1. Tackle your conflict avoidance issues

An ability to resolve conflict quickly and for the greater good is a principal indicator of a responsive and resilient culture. Conversely, misunderstanding conflict as fundamentally unhealthy — and therefore a state to be avoided — is a primary cause of stress and inefficiency in almost all businesses. 

Suffering from overload? Emotions rather than emails might be your real problem. A significant swathe of inbox activity amounts to little more than poor conflict management. Many of us, it seems, would rather hide behind our screens than have a direct, uncomfortable conversation with another human being.

The solution? Forget tackling email, and instead address your poor conflict management head on. (Hire external support to assist with this if necessary.) Few people enjoy saying challenging things to others but, if you can get uncomfortable and embrace direct communication as a practice, you might see your time writing and responding to emails drop off a cliff.

2. Switch to voice notes

Misunderstandings about content or the implied tone of emails are another common source of inefficiency. The unfortunate reality is that many of us are not sufficiently capable communicators to guard against this — meaning that our emails sometimes create a far greater emotional wake than we intend.

The solution? The human voice is richer, more nuanced and more capable of communicating lots of information quickly than even the best email “auteur.” Voice notes are an underused method of passing on information — and they can be recorded and transmitted in minutes. Embrace them and watch tonal misunderstandings vanish.

3. Embrace the three-line rule

According to McKinsey, the average professional spends 28% of the working day reading and answering email. To place this into context, this statistic implies that your business employs around one in four people to do little more than read and write, full-time. (And not reading or writing exciting things, either: email.) This represents a significant hit to your organisation’s ability to solve the problems it faces quickly and well.

What to do? Set a rule that your internal emails should never be more than three lines long. This significantly reduces the time required to read and write, and by default relegates email to secondary status. It will also go some way to addressing point 1 (it is tough, although not impossible, to state a nuanced position within such tight space constraints).

Advanced tip: add a footer to your emails explaining this rule, and encouraging its use by others. (This also applies to other recommendations in this article.)

Where possible, stop cc’ing people on your emails.

4. Break your addiction to the “cc” box

Who is this email really for — and why?

Every additional person included on a “cc” basis — on the assumption that they read the email in question — reduces organisational capacity elsewhere. Tally up the volume of cc’ing that takes place across most organisations, and it is clear that the impact of this regrettable habit is often exponential. Self-protectionism or showboating isn’t adequate justification for looping in endless people on every communication.

What’s the answer? Where possible, stop cc’ing people on your emails by embracing a strict “need to know” action standard. To encourage this, stop reading any email on which you are cc’d. The content is either of direct relevance to you or not — there are no halfway houses.
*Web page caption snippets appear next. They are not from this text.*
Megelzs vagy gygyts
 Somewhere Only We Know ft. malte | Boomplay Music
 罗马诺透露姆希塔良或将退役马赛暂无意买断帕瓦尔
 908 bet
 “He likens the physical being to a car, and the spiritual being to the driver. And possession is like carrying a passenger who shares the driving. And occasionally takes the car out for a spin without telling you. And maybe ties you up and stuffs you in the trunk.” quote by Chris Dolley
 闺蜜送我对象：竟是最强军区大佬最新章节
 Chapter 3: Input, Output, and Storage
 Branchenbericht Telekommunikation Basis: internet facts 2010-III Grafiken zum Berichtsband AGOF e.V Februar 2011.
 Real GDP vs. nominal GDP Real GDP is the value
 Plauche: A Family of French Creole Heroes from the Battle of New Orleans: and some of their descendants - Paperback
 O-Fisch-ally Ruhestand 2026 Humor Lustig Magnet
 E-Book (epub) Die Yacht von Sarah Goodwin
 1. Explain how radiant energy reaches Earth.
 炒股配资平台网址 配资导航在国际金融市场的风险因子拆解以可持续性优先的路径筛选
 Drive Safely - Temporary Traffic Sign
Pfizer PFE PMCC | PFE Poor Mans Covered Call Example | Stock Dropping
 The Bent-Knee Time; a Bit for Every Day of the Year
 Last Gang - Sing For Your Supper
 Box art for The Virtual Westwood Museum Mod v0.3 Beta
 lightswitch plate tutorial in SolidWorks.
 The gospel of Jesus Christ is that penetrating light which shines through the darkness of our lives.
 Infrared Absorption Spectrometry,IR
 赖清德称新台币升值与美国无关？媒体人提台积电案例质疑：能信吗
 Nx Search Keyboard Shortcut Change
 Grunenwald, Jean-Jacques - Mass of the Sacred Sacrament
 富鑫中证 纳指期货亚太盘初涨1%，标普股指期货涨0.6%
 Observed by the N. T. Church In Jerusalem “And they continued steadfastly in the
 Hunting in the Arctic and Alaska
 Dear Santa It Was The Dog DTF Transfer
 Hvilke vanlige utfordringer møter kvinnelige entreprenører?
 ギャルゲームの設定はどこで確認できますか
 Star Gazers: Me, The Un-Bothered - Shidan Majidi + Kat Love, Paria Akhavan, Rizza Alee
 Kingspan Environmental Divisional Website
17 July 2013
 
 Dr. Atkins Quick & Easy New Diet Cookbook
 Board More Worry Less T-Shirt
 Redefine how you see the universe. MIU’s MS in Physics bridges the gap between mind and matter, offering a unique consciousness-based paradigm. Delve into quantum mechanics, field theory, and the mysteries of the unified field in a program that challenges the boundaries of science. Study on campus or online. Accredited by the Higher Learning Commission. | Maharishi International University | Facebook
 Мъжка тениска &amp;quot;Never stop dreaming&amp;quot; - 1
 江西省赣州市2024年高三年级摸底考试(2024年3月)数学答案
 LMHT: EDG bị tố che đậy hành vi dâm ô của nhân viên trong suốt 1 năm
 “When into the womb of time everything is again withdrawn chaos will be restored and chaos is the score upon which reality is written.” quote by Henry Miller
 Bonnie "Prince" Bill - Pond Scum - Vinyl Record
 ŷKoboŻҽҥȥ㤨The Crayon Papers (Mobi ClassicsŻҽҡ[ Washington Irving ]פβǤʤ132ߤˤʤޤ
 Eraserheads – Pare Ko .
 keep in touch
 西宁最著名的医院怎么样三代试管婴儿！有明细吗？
5. Set up five templates — and use them

The cognitive load of email is considerable: you need to read, consider and respond to each one in turn. Thinking time can be a greater drain than the actual reading and writing process itself.

The solution? Recognise that most emails can be separated into five buckets — and responded to accordingly:

  • Noted: “Thank you for sharing this”
  • Approval: “I agree with your suggestions — please proceed”
  • Discussion needed: “Let’s take this off email and talk”
  • Action needed: “By way of response, please can you now action the following items”
  • Buying time: “I now need x hours or days to review this and come back to you with a fuller response”

Note that in each of the cases above it is possible to respond in either entirety or large part with a templated response. If you fear that doing so appears impersonal, it might be worth considering how you “contract” with your co-workers about your use of email. (Contracting refers to the agreements we make about how we behave in given situations.)

6. Respond via an alternative means

Most people’s default assumption is that an email requires an email in response. Because of this, every new email creates an exponential volume of email in return — particularly when multiple respondents and back-and-forths are involved. This might keep Outlook’s usage reports looking great, but doesn’t foster organisational agility.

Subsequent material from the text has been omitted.